Social Media Impact Depends On User

Allysa Marie Ferandez Totanes, Reporter

Illustrated by Allysa Marie Totanes

Spending hours on social media is not as negatively impactful as some think it might be; the way an individual uses social media can still be considered proper even if they´re constantly on their respective platforms.

 

A report by Life Span found that the average teen—from 13 to 18—spends around nine hours a day on social media. When determining whether the use of social media is “good” or “bad”, one must not simply focus on the total or average amount of time a user spends, but also consider how they are using the platform(s). 

 

Even if a teen is glued to their phone, they might be gaining useful knowledge from the media that they are consuming.

 

Dr. Peggy Kern from the University of Melbourne, Dr. Nikki Rickard from the Monash University, and Ph.D. student Elizabeth Seabrook reviewed recently conducted studies regarding the effects of social media on individuals.

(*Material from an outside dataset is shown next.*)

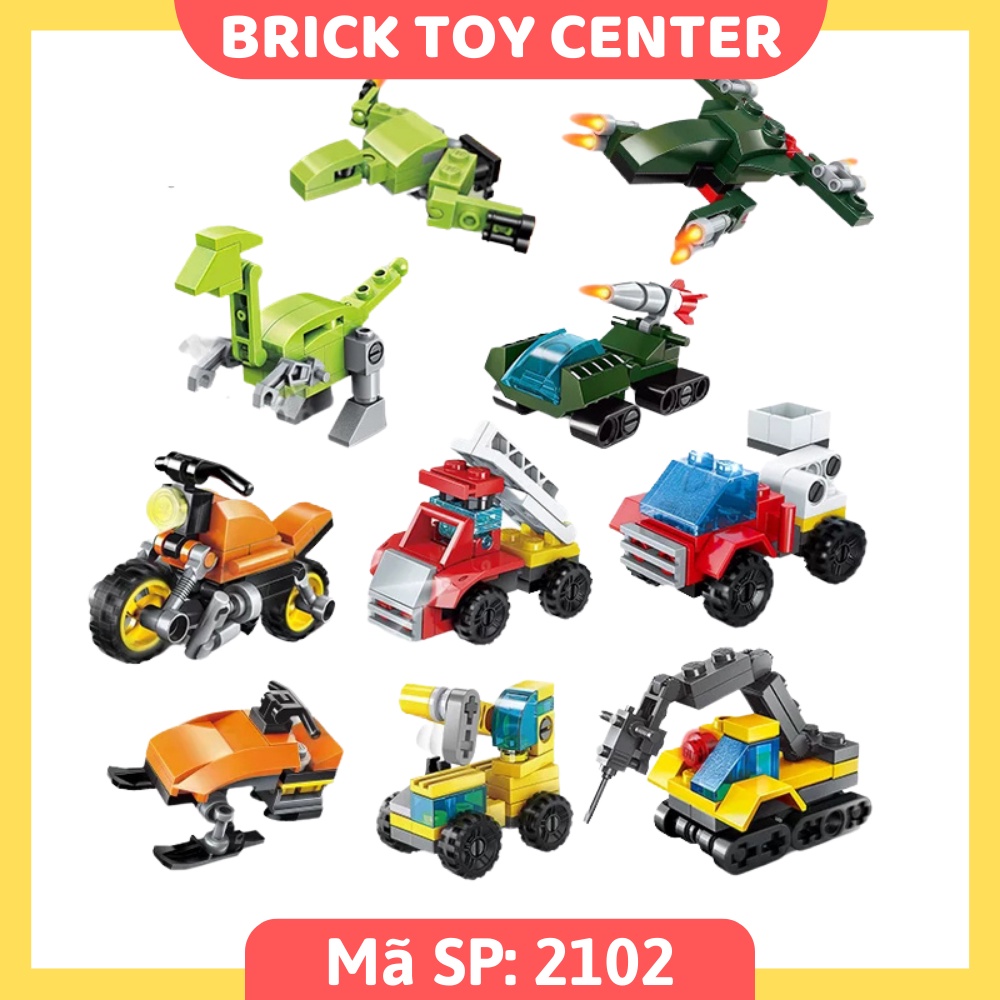 Đồ chơi xếp hình cho bé 3 trong 1 Qman 2101-2105 ô tô xe tăng máy bay khủng long robot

The results that they discovered varied; some social media users showed positive signs from their experiences while others connected their depression and anxiety with their social media consumption. “Across the studies, it appears that it’s not so much that social media causes anxiety and depression, but that people have different ways of using social media, which may be more or less helpful,” said Kern in her article ‘Is Social Media Good For You?’  

 

People who already have disorders such as anxiety should be more careful and aware of their vulnerable state when it comes to using social media to avoid exposure to triggers that might put their mindset in a worse condition.

 

The positives and negatives that individuals absorb from platforms depend on how they are using social media, rather than the hours that pass by. “By understanding them [behavioral patterns concerning social media usage] better, we potentially can make better choices about how to best use social media…” said Kern.